As investigações, conduzidas pela 7ª Delegacia Territorial (DT/Rio Vermelho), apontam que os investigados utilizavam aplicativos de relacionamento e redes sociais para atrair as vítimas. Após o primeiro contato, os encontros eram marcados, geralmente às sextas-feiras e nos fins de semana. Sob o pretexto de seguirem para um local mais reservado, as vítimas eram levadas para outro imóvel, onde os crimes eram praticados.
Nos locais escolhidos pelo grupo, as vítimas permaneciam sob restrição da liberdade por, no mínimo, duas horas. Armados com armas de fogo ou armas brancas, os investigados obrigavam as vítimas a desbloquear os aparelhos celulares para realizar transferências bancárias, além de subtrair dinheiro, cartões, aparelhos eletrônicos e outros bens.
As investigações também apontam que algumas vítimas foram submetidas a agressões físicas e violência sexual durante a ação criminosa, evidenciando o elevado grau de violência empregado pelo grupo.
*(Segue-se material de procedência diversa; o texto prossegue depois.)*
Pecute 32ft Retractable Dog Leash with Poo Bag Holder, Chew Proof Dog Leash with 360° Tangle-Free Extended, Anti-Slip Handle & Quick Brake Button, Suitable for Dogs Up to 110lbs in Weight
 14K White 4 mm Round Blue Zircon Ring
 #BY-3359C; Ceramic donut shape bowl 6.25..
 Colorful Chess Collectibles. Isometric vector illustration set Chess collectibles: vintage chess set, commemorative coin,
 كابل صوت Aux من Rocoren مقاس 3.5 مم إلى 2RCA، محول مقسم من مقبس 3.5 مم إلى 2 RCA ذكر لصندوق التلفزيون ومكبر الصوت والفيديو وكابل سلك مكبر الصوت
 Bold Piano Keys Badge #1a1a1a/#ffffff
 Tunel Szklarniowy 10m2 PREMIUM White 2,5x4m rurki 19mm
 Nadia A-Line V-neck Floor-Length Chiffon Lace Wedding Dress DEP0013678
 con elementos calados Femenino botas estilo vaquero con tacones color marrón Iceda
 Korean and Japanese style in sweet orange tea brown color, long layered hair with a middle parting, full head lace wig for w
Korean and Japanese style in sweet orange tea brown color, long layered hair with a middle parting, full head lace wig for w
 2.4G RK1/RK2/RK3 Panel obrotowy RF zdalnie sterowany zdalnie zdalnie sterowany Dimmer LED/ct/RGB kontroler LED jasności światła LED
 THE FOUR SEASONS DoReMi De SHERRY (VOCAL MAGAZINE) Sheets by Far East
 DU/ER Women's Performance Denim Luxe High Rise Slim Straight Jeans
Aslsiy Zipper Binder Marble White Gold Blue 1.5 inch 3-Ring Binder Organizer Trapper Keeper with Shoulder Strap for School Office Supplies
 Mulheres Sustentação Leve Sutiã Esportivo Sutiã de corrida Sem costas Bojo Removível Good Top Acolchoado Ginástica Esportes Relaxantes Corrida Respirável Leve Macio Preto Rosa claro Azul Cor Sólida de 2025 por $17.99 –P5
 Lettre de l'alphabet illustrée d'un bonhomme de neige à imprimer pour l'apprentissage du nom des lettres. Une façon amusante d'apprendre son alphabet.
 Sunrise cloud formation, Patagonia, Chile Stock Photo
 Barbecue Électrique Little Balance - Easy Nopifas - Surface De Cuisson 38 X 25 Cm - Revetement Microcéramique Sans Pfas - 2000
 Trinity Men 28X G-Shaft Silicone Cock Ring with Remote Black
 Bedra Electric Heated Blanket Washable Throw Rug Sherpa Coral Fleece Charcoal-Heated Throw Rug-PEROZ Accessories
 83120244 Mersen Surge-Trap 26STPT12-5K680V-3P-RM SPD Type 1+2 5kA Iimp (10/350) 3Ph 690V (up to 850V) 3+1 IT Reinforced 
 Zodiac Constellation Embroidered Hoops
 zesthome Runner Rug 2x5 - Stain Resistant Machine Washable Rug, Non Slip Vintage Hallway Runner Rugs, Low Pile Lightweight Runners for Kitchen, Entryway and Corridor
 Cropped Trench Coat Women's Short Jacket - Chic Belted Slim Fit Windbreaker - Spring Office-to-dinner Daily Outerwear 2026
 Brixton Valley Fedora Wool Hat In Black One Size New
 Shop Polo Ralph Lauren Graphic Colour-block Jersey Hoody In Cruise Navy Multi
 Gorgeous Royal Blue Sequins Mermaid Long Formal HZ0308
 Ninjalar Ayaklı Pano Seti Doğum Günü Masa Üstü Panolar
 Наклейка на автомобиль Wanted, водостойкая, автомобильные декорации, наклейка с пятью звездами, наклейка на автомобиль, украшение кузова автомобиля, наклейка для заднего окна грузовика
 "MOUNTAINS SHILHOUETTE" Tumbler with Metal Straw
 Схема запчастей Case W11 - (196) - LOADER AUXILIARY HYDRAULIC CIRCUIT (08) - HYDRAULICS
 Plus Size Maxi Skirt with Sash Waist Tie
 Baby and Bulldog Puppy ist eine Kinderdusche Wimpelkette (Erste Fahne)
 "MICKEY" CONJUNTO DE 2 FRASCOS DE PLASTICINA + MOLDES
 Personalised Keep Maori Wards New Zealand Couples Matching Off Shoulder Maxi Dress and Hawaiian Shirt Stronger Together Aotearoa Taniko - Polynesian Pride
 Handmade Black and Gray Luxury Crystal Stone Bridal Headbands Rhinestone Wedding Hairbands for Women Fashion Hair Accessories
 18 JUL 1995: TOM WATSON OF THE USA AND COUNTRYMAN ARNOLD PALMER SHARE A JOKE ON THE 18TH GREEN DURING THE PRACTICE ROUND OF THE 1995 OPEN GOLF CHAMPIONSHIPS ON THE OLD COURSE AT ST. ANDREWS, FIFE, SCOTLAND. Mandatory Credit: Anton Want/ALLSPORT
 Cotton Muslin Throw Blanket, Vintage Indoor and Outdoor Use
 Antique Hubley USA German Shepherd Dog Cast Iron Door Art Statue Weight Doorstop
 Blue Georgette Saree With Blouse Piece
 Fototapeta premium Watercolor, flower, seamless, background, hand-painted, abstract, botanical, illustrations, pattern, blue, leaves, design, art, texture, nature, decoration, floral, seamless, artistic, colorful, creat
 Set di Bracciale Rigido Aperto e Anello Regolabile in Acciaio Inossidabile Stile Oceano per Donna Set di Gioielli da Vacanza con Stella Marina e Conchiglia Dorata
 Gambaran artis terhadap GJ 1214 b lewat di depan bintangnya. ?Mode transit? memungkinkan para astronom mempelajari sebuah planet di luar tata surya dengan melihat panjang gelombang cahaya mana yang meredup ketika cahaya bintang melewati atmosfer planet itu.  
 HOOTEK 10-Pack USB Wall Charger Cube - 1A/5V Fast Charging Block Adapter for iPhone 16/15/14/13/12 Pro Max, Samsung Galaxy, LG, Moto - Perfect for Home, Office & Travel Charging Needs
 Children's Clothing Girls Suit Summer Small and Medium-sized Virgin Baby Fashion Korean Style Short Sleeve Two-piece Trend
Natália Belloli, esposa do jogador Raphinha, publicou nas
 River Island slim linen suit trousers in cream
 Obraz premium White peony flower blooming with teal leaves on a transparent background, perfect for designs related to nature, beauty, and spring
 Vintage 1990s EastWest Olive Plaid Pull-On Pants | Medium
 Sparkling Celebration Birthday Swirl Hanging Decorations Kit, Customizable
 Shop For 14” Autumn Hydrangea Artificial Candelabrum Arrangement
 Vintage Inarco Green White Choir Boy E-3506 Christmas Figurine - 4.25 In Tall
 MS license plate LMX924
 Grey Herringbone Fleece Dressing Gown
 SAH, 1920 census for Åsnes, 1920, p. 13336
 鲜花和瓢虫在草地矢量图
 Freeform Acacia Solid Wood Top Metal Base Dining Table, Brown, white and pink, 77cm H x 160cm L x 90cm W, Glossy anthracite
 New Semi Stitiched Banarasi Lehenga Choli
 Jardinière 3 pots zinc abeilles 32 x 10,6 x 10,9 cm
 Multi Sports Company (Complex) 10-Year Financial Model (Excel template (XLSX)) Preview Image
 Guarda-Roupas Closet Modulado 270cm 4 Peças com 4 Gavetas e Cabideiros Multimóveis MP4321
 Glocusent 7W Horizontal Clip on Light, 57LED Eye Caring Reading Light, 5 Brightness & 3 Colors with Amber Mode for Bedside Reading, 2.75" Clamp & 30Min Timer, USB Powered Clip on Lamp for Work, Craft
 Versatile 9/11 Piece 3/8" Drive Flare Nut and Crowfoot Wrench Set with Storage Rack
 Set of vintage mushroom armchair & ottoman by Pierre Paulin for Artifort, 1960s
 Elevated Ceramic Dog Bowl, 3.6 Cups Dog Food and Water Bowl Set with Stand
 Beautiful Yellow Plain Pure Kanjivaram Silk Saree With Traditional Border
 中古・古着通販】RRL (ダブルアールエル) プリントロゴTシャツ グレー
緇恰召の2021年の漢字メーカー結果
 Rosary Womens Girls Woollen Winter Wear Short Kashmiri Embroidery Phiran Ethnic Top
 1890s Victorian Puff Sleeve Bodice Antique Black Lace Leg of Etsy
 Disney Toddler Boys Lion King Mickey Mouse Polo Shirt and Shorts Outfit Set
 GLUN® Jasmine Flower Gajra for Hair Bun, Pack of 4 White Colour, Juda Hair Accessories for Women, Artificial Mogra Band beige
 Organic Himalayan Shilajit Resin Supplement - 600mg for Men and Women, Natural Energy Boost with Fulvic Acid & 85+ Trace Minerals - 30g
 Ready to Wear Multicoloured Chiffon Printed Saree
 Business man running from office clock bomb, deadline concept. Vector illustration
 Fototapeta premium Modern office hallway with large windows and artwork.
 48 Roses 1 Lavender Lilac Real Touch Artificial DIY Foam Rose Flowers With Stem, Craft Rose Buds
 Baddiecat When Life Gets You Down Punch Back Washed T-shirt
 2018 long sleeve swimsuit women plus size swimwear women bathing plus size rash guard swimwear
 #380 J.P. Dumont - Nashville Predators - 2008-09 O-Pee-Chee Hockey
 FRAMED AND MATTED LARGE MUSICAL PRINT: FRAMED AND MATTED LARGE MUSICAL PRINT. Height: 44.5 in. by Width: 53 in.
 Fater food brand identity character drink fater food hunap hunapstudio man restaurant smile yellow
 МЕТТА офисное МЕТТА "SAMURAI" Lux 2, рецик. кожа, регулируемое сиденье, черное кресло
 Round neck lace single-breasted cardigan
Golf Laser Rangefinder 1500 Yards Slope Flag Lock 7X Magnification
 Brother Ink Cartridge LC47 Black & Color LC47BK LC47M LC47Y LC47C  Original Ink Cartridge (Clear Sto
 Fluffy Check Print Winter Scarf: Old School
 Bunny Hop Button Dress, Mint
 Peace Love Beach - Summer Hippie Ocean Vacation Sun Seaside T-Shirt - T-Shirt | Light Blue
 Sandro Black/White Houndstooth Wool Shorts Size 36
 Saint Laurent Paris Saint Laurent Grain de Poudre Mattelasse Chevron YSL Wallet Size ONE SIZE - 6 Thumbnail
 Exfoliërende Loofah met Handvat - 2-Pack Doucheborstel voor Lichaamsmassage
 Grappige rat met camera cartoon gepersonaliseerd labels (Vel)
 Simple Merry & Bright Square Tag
Até o momento, cinco inquéritos policiais subsidiaram a operação. As apurações, no entanto, indicam que o número de vítimas pode ser superior a 15, motivo pelo qual a Polícia Civil prossegue com as diligências para identificar outras pessoas lesadas.
Os elementos reunidos durante a investigação indicam que o grupo atuava de forma organizada havia cerca de cinco meses, com divisão de tarefas entre os integrantes e escolha criteriosa das vítimas, sempre utilizando plataformas digitais para facilitar a aproximação e dificultar a identificação dos autores.
A Operação Pilot é resultado de aproximadamente 40 dias de investigação conduzida pela 7ª Delegacia Territorial e teve o cumprimento dos mandados judiciais com apoio do Departamento de Polícia Metropolitana (DEPOM). A ação teve como objetivo interromper a atuação do grupo criminoso, reunir novos elementos de prova e identificar outras possíveis vítimas.